◆ **WORK INSTRUCTIONS**: A word-for-word transcription of the data below is required.

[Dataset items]
----

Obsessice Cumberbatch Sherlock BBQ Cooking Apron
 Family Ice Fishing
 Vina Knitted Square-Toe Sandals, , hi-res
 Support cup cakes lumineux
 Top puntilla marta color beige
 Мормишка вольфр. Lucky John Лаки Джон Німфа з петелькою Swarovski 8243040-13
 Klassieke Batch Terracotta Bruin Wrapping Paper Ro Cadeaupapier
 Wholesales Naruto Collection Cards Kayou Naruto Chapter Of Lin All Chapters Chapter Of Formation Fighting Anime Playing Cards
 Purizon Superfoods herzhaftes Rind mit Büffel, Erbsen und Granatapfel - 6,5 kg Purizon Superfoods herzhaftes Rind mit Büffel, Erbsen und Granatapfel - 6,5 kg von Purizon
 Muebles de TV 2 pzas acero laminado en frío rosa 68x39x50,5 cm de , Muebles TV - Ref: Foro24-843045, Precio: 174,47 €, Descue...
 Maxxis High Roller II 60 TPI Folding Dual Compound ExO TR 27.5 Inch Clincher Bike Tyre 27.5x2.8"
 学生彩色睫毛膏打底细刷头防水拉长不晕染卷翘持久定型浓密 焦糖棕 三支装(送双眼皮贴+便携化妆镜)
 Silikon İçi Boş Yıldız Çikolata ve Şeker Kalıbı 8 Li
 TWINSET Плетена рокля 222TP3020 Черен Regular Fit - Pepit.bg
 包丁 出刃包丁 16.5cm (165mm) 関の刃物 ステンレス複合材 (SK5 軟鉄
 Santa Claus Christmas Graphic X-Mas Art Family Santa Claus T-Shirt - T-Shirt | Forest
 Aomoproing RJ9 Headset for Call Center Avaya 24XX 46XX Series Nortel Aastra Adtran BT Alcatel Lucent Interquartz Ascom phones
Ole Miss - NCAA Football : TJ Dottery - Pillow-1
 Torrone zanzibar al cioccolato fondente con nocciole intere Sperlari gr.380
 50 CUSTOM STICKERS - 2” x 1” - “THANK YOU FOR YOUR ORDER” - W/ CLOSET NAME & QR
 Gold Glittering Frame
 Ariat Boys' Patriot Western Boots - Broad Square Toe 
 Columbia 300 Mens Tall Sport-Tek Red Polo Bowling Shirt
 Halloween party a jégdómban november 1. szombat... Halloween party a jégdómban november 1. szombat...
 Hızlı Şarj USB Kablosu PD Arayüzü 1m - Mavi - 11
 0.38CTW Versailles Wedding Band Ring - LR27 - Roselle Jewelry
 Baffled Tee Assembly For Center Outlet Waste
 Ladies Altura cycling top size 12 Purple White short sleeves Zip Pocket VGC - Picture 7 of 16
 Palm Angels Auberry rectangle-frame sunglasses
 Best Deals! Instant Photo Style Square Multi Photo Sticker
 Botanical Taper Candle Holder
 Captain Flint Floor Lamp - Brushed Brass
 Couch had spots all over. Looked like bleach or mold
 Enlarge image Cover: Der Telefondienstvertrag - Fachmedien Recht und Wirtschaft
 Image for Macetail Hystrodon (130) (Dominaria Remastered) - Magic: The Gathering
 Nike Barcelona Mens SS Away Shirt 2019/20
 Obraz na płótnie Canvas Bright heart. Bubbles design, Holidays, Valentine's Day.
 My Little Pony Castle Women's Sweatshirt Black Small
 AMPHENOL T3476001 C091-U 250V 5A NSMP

----

◆ **SOLUTION TO THE PROBLEM**:
Obsessice Cumberbatch Sherlock BBQ Cooking Apron
 Family Ice Fishing
 Vina Knitted Square-Toe Sandals, , hi-res
 Support cup cakes lumineux
 Top puntilla marta color beige
 Мормишка вольфр. Lucky John Лаки Джон Німфа з петелькою Swarovski 8243040-13
 Klassieke Batch Terracotta Bruin Wrapping Paper Ro Cadeaupapier
 Wholesales Naruto Collection Cards Kayou Naruto Chapter Of Lin All Chapters Chapter Of Formation Fighting Anime Playing Cards
 Purizon Superfoods herzhaftes Rind mit Büffel, Erbsen und Granatapfel - 6,5 kg Purizon Superfoods herzhaftes Rind mit Büffel, Erbsen und Granatapfel - 6,5 kg von Purizon
 Muebles de TV 2 pzas acero laminado en frío rosa 68x39x50,5 cm de , Muebles TV - Ref: Foro24-843045, Precio: 174,47 €, Descue...
 Maxxis High Roller II 60 TPI Folding Dual Compound ExO TR 27.5 Inch Clincher Bike Tyre 27.5x2.8"
 学生彩色睫毛膏打底细刷头防水拉长不晕染卷翘持久定型浓密 焦糖棕 三支装(送双眼皮贴+便携化妆镜)
 Silikon İçi Boş Yıldız Çikolata ve Şeker Kalıbı 8 Li
 TWINSET Плетена рокля 222TP3020 Черен Regular Fit - Pepit.bg
 包丁 出刃包丁 16.5cm (165mm) 関の刃物 ステンレス複合材 (SK5 軟鉄
 Santa Claus Christmas Graphic X-Mas Art Family Santa Claus T-Shirt - T-Shirt | Forest
 Aomoproing RJ9 Headset for Call Center Avaya 24XX 46XX Series Nortel Aastra Adtran BT Alcatel Lucent Interquartz Ascom phones
Ole Miss - NCAA Football : TJ Dottery - Pillow-1
 Torrone zanzibar al cioccolato fondente con nocciole intere Sperlari gr.380
 50 CUSTOM STICKERS - 2” x 1” - “THANK YOU FOR YOUR ORDER” - W/ CLOSET NAME & QR
 Gold Glittering Frame
 Ariat Boys' Patriot Western Boots - Broad Square Toe 
 Columbia 300 Mens Tall Sport-Tek Red Polo Bowling Shirt
 Halloween party a jégdómban november 1. szombat... Halloween party a jégdómban november 1. szombat...
 Hızlı Şarj USB Kablosu PD Arayüzü 1m - Mavi - 11
 0.38CTW Versailles Wedding Band Ring - LR27 - Roselle Jewelry
 Baffled Tee Assembly For Center Outlet Waste
 Ladies Altura cycling top size 12 Purple White short sleeves Zip Pocket VGC - Picture 7 of 16
 Palm Angels Auberry rectangle-frame sunglasses
 Best Deals! Instant Photo Style Square Multi Photo Sticker
 Botanical Taper Candle Holder
 Captain Flint Floor Lamp - Brushed Brass
 Couch had spots all over. Looked like bleach or mold
 Enlarge image Cover: Der Telefondienstvertrag - Fachmedien Recht und Wirtschaft
 Image for Macetail Hystrodon (130) (Dominaria Remastered) - Magic: The Gathering
 Nike Barcelona Mens SS Away Shirt 2019/20
 Obraz na płótnie Canvas Bright heart. Bubbles design, Holidays, Valentine's Day.
 My Little Pony Castle Women's Sweatshirt Black Small
 AMPHENOL T3476001 C091-U 250V 5A NSMP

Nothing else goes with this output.